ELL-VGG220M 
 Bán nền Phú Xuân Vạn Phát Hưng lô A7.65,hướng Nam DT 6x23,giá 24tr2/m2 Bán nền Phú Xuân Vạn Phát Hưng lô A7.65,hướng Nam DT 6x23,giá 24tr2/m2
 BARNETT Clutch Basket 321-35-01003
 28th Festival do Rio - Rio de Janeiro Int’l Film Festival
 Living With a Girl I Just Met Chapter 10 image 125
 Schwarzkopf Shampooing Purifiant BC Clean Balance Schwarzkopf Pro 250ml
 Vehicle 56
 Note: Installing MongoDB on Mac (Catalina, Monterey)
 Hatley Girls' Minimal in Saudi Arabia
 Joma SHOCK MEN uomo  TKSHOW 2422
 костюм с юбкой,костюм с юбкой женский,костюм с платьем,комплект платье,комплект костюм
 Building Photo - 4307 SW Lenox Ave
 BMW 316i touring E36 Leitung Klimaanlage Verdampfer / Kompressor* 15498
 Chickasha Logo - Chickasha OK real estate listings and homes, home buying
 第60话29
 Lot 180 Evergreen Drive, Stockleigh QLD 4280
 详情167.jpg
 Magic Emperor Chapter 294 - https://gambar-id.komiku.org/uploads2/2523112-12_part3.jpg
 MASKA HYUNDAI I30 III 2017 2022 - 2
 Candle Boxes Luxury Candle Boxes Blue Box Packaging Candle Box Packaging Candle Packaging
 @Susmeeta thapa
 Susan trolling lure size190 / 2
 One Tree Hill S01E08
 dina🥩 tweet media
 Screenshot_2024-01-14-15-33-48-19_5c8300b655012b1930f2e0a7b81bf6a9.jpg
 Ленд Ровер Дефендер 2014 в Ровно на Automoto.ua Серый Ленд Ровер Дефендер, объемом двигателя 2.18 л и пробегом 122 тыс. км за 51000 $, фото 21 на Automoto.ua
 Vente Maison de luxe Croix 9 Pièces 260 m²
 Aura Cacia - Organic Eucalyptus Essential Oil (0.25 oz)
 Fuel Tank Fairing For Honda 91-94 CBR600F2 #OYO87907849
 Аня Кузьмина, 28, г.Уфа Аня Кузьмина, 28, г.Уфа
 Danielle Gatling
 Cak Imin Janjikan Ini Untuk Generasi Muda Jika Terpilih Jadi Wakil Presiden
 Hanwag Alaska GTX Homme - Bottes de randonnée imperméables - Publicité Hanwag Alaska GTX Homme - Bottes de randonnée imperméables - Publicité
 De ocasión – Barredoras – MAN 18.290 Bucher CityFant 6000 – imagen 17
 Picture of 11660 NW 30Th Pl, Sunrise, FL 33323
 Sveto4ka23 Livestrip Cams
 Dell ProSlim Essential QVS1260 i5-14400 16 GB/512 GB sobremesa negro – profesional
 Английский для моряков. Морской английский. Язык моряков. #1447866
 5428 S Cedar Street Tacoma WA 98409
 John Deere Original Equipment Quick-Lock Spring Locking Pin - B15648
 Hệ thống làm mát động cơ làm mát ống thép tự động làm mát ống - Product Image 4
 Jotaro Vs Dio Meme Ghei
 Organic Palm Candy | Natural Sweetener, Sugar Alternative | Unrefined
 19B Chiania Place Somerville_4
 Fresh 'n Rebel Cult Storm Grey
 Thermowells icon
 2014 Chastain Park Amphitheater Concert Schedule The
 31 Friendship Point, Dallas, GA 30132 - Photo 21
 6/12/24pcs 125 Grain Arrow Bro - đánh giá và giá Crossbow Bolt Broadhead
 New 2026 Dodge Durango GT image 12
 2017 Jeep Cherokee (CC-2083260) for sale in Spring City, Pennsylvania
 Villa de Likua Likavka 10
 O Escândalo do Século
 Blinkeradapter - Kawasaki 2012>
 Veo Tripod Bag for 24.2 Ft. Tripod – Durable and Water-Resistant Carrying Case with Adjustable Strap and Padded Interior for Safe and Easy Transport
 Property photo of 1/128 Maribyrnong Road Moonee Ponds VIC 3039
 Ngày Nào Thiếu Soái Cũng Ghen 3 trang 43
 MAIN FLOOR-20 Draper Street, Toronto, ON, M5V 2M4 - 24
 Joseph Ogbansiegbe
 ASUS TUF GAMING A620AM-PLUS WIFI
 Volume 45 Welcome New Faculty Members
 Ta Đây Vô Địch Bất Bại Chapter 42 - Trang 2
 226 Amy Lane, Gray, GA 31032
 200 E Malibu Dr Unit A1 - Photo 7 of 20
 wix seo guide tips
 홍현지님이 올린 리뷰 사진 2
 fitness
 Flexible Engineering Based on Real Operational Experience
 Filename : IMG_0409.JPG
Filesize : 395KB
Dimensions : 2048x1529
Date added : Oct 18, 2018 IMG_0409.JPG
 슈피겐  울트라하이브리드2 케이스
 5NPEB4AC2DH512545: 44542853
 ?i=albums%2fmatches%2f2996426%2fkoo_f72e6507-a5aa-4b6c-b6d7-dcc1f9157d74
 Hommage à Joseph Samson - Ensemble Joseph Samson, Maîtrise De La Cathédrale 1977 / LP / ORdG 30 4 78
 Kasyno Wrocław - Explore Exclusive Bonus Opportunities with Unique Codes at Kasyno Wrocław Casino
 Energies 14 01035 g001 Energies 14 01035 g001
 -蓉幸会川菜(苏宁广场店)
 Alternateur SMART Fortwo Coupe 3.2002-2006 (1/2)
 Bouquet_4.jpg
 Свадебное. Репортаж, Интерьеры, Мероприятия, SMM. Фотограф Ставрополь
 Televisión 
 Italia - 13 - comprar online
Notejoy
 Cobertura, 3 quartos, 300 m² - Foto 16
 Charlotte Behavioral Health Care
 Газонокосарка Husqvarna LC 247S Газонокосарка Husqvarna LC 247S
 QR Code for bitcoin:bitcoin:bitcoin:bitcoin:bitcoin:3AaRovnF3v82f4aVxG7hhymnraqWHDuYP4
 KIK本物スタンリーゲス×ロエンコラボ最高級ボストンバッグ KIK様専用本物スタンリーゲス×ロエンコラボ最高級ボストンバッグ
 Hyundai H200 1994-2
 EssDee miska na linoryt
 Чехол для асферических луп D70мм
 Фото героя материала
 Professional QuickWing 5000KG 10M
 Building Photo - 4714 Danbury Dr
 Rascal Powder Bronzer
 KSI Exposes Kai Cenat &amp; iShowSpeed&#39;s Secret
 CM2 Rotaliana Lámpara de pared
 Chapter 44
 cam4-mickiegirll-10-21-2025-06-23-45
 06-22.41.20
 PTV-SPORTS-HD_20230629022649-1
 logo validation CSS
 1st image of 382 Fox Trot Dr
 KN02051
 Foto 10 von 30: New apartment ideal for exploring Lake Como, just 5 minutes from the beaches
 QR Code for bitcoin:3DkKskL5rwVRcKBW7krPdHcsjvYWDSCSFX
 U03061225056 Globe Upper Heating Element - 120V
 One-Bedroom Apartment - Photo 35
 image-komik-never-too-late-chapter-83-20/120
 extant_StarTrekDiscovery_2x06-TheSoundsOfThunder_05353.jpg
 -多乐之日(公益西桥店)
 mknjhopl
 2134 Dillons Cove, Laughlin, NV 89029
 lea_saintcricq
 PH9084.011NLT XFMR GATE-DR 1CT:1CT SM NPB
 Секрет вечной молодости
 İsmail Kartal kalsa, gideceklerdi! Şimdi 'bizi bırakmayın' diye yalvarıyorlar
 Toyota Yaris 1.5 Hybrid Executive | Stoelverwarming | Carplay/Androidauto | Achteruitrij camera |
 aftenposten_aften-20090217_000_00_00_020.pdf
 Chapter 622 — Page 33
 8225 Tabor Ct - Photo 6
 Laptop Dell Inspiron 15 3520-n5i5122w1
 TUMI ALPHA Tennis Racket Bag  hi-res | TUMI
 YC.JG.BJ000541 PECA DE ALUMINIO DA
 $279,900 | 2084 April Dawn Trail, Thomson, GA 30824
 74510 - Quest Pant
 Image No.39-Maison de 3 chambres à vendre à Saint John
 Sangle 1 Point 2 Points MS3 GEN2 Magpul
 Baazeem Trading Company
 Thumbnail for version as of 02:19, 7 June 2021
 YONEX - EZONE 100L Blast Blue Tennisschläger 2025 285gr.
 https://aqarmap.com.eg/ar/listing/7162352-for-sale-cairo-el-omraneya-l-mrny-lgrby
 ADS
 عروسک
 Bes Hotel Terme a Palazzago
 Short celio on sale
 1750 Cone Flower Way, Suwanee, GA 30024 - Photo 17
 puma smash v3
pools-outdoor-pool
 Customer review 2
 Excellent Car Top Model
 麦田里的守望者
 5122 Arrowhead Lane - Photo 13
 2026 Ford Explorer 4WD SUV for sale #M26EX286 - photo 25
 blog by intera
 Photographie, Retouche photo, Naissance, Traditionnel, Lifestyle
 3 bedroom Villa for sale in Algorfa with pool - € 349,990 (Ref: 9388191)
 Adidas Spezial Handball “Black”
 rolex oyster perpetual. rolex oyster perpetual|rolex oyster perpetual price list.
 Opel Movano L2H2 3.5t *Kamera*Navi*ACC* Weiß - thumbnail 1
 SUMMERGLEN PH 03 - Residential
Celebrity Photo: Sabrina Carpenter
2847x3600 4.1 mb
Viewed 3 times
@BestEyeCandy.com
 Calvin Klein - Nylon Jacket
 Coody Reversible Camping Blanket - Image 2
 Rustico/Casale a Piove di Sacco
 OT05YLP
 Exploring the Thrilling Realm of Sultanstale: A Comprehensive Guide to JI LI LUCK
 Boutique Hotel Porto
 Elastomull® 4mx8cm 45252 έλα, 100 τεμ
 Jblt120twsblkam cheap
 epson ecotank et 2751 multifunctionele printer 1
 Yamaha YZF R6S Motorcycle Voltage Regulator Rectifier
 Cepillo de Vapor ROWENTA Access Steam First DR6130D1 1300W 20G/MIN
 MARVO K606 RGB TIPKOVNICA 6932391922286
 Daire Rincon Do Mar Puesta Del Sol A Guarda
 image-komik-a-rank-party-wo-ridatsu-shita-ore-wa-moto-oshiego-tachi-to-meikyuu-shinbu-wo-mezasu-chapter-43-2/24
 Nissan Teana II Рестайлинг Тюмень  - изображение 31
——————
> **Work request**: Reproduce each line of the data containing the word "Foto".

> **Output**:
 Cobertura, 3 quartos, 300 m² - Foto 16
 Foto 10 von 30: New apartment ideal for exploring Lake Como, just 5 minutes from the beaches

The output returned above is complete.